*** Data supplied Section Begins ***

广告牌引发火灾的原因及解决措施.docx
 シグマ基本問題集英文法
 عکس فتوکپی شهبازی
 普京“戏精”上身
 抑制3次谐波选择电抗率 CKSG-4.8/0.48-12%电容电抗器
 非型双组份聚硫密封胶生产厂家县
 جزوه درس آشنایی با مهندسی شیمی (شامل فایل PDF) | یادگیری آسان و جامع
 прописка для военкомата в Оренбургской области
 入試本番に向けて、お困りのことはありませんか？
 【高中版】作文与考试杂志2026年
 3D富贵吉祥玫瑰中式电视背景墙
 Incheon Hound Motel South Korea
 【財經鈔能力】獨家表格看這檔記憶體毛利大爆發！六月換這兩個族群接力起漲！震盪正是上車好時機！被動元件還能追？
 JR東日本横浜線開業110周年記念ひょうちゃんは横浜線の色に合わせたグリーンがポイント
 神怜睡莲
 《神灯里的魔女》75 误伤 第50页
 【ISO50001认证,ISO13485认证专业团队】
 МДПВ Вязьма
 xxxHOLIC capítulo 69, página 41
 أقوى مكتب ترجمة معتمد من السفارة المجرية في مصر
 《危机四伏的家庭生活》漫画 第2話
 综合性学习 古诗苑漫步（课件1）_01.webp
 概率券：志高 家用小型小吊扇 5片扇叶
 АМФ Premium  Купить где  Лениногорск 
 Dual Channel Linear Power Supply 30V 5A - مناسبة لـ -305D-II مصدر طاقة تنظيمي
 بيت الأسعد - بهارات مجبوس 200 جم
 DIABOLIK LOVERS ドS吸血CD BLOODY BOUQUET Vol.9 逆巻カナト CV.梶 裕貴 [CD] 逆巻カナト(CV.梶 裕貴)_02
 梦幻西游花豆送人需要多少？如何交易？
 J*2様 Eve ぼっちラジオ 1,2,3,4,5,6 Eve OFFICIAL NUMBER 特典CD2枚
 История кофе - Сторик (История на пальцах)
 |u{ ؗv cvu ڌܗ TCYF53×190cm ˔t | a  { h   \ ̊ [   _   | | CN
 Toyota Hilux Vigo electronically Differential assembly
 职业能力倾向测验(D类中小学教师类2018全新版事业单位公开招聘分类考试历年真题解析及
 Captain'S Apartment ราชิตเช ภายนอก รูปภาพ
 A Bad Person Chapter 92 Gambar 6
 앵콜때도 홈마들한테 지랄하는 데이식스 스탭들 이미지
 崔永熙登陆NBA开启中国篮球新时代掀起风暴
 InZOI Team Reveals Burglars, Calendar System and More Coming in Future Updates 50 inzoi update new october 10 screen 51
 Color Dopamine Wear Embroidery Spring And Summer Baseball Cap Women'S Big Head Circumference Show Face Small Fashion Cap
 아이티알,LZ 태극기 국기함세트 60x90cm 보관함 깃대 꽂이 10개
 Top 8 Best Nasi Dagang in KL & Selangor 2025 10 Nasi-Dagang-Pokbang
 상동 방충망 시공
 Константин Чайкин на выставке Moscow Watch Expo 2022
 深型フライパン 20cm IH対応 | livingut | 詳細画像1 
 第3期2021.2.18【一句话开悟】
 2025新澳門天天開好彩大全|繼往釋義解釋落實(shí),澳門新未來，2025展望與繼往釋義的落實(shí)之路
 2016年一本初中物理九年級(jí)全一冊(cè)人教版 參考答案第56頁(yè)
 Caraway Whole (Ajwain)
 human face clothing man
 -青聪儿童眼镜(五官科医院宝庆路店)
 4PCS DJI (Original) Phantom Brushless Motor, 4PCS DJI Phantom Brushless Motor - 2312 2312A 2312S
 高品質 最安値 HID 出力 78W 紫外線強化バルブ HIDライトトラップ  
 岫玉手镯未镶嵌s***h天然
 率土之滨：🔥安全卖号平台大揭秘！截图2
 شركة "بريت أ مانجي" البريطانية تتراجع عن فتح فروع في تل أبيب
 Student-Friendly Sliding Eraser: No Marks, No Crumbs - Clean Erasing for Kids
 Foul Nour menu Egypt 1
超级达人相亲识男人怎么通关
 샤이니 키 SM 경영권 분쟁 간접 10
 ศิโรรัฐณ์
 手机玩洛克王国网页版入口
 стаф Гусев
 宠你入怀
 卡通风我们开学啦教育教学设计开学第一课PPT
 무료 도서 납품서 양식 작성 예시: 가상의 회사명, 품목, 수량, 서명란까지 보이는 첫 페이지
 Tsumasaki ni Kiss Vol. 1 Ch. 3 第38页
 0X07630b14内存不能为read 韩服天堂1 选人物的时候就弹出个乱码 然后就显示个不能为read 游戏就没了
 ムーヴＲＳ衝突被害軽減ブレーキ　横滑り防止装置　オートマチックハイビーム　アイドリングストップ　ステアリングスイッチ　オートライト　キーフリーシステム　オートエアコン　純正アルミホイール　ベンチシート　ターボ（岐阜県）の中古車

*** Data supplied Section Ends ***

Find "прописка для военкомата" in the entries above and copy that whole line exactly, then each line after it through the line that contains "فروع في تل أبيب".

 прописка для военкомата в Оренбургской области
 入試本番に向けて、お困りのことはありませんか？
 【高中版】作文与考试杂志2026年
 3D富贵吉祥玫瑰中式电视背景墙
 Incheon Hound Motel South Korea
 【財經鈔能力】獨家表格看這檔記憶體毛利大爆發！六月換這兩個族群接力起漲！震盪正是上車好時機！被動元件還能追？
 JR東日本横浜線開業110周年記念ひょうちゃんは横浜線の色に合わせたグリーンがポイント
 神怜睡莲
 《神灯里的魔女》75 误伤 第50页
 【ISO50001认证,ISO13485认证专业团队】
 МДПВ Вязьма
 xxxHOLIC capítulo 69, página 41
 أقوى مكتب ترجمة معتمد من السفارة المجرية في مصر
 《危机四伏的家庭生活》漫画 第2話
 综合性学习 古诗苑漫步（课件1）_01.webp
 概率券：志高 家用小型小吊扇 5片扇叶
 АМФ Premium  Купить где  Лениногорск 
 Dual Channel Linear Power Supply 30V 5A - مناسبة لـ -305D-II مصدر طاقة تنظيمي
 بيت الأسعد - بهارات مجبوس 200 جم
 DIABOLIK LOVERS ドS吸血CD BLOODY BOUQUET Vol.9 逆巻カナト CV.梶 裕貴 [CD] 逆巻カナト(CV.梶 裕貴)_02
 梦幻西游花豆送人需要多少？如何交易？
 J*2様 Eve ぼっちラジオ 1,2,3,4,5,6 Eve OFFICIAL NUMBER 特典CD2枚
 История кофе - Сторик (История на пальцах)
 |u{ ؗv cvu ڌܗ TCYF53×190cm ˔t | a  { h   \ ̊ [   _   | | CN
 Toyota Hilux Vigo electronically Differential assembly
 职业能力倾向测验(D类中小学教师类2018全新版事业单位公开招聘分类考试历年真题解析及
 Captain'S Apartment ราชิตเช ภายนอก รูปภาพ
 A Bad Person Chapter 92 Gambar 6
 앵콜때도 홈마들한테 지랄하는 데이식스 스탭들 이미지
 崔永熙登陆NBA开启中国篮球新时代掀起风暴
 InZOI Team Reveals Burglars, Calendar System and More Coming in Future Updates 50 inzoi update new october 10 screen 51
 Color Dopamine Wear Embroidery Spring And Summer Baseball Cap Women'S Big Head Circumference Show Face Small Fashion Cap
 아이티알,LZ 태극기 국기함세트 60x90cm 보관함 깃대 꽂이 10개
 Top 8 Best Nasi Dagang in KL & Selangor 2025 10 Nasi-Dagang-Pokbang
 상동 방충망 시공
 Константин Чайкин на выставке Moscow Watch Expo 2022
 深型フライパン 20cm IH対応 | livingut | 詳細画像1 
 第3期2021.2.18【一句话开悟】
 2025新澳門天天開好彩大全|繼往釋義解釋落實(shí),澳門新未來，2025展望與繼往釋義的落實(shí)之路
 2016年一本初中物理九年級(jí)全一冊(cè)人教版 參考答案第56頁(yè)
 Caraway Whole (Ajwain)
 human face clothing man
 -青聪儿童眼镜(五官科医院宝庆路店)
 4PCS DJI (Original) Phantom Brushless Motor, 4PCS DJI Phantom Brushless Motor - 2312 2312A 2312S
 高品質 最安値 HID 出力 78W 紫外線強化バルブ HIDライトトラップ  
 岫玉手镯未镶嵌s***h天然
 率土之滨：🔥安全卖号平台大揭秘！截图2
 شركة "بريت أ مانجي" البريطانية تتراجع عن فتح فروع في تل أبيب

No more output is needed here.